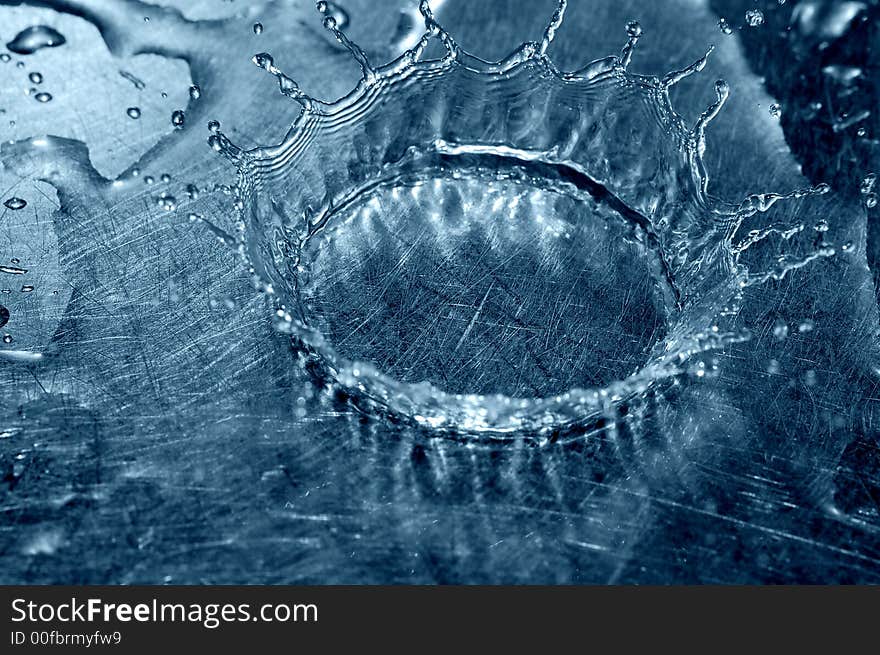 Macro shot of a water crown - shallow DOF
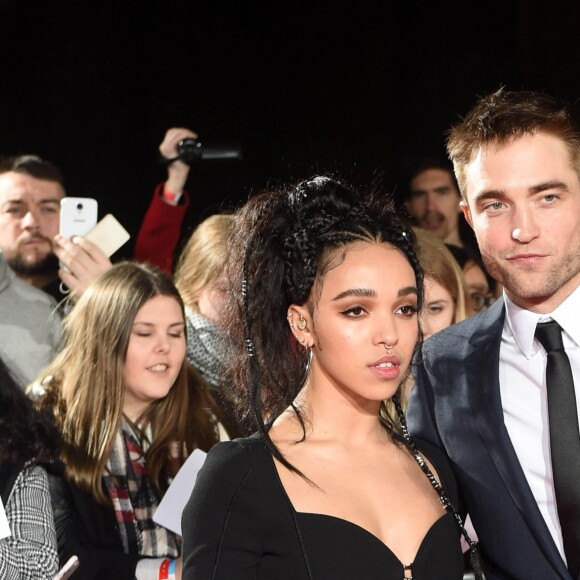 Robert Pattinson et sa compagne FKA Twigs à la première de "The Lost City of Z" à Londres, le 16 février 2017.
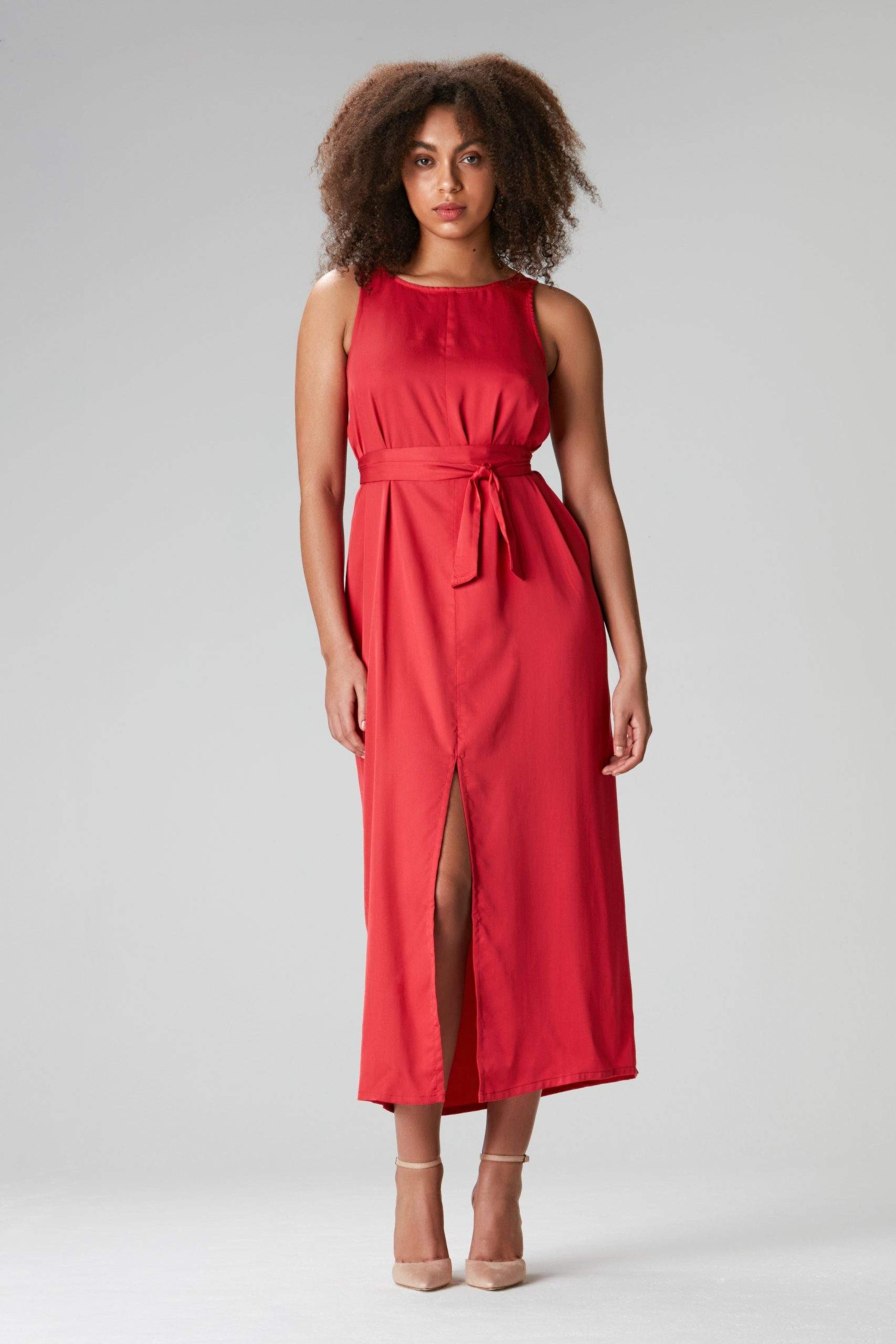 Maxi dress "TULPINAA" in red made of Tencel 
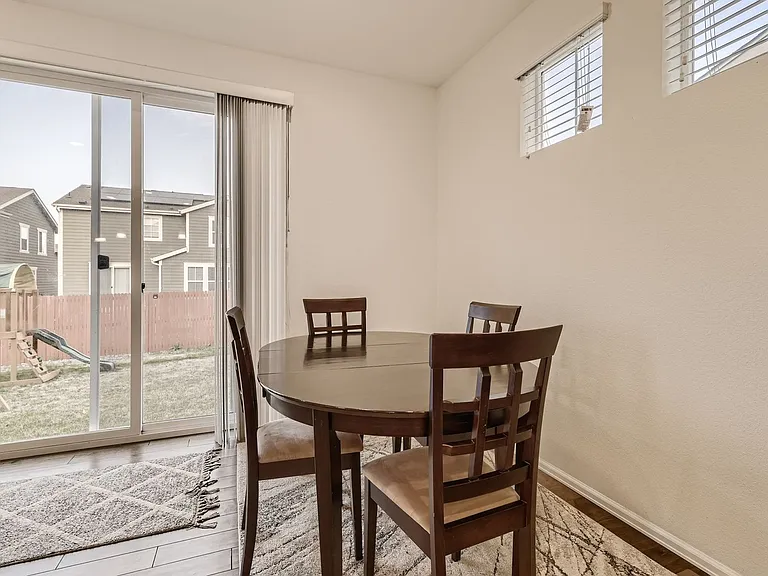 14960 Chicago St — Photo 15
================================
What you should do:
In the copy, include exactly the lines from the one with "Robert Pattinson et" through the final line of the data, both ends included, and no pictures.

Answer to this problem:
 Robert Pattinson et sa compagne FKA Twigs à la première de "The Lost City of Z" à Londres, le 16 février 2017.
 Maxi dress "TULPINAA" in red made of Tencel 
 14960 Chicago St — Photo 15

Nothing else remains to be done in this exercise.